Pune, Maharashtra. India

 

 

Phani Mutha was out of hope. He was in a race to outrun the Omegaverse billing department, his landlord and the electric company. All of those bills were due, and it was just a question of which was going to catch him first. He might be able to pay one, but there was no way he’d be able to pay all three. Any of them could demand payment at any moment, and when one of them did he was effectively unemployed and homeless. Every sound in his building had become the spectre of his landlord’s knock, every flicker in his lamp was his electricity being disconnected, and every message on his computer was to tell him that his account had been suspended for lack of payment.

He’d been huddled over that computer all day, too nervous to eat, taking mining mission after mining mission. He’d made money, but not enough. Phani had just returned from his last mission and was staring at his bank inventory, willing the balance to be higher. He looked to the lone item in his vault, the blueprint for a torpedo he’d found during his earlier, much earlier, run of good fortune. He could sell it and might get enough to get him through this crisis. But, no, he thought. To raise the best price, he’d have to auction it off. To get players bidding against each other. He didn’t have the time.

He made a decision. Taking the blueprint from his vault, he walked to the manufactory. He put the design in and took out the torpedo. It was as much as one player could carry, but he didn’t have to carry it far. He turned and walked to the mission control.

 

Phani quickly selected the first mining mission listed and entered the ship. He transferred the torpedo from his personal inventory to the ship’s. It would now be ready to use. He sat in the pilot’s chair and hit the launch button. The viewscreen was suddenly swamped by stars and a large, blue, ringed planet. He checked the nav to confirm that it was indeed the same planet he’d lost the palladium load on. Hopefully, he thought, that means that my luck will finally change again. Or maybe it meant it never would. He shrugged, began to accelerate toward the ring, out of habit.

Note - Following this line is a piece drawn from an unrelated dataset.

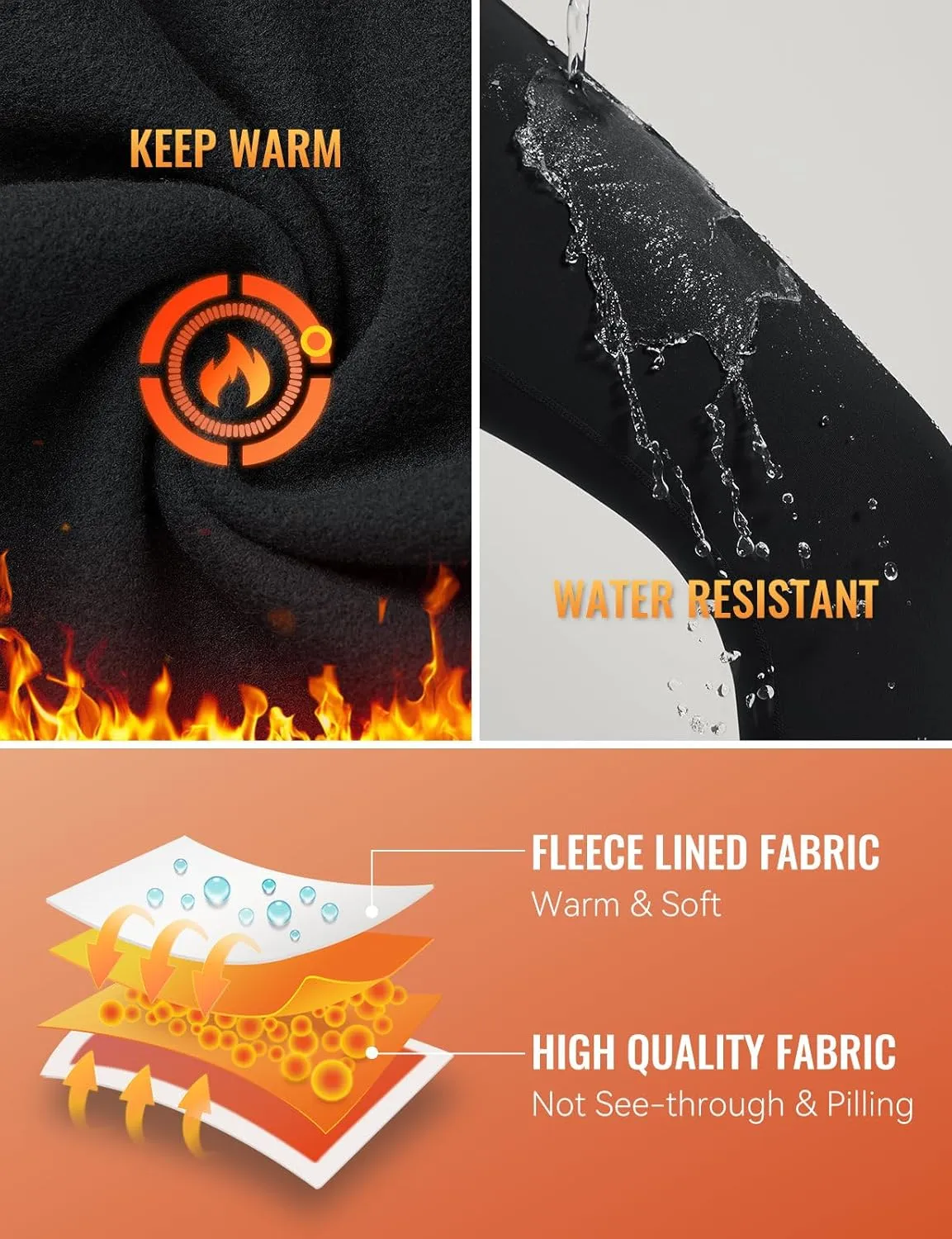 baleaf Women's Fleece Lined Leggings High Waisted Water Resistant Winter Warm Running Thermal Pants Zipper Pocket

Then he remembered, he wasn’t here to mine. He was here to hunt. Typing, two fingered, he brought up his navigation display and began to survey the system. He was near the system jump point, which was lucky. All traffic passing through a star system had to go through the jump point. It was the navigational bottleneck which ensured that, whatever their source or destination, all ships would pass by close to him. If his mission had taken him to a planet further out, or even to the Oort cloud, he would have had to be lucky indeed to have a ship pass him by.

His luck was changing, he saw, for the better. Several ships were in transit through the system. All he had to do was pick one, target it and shoot.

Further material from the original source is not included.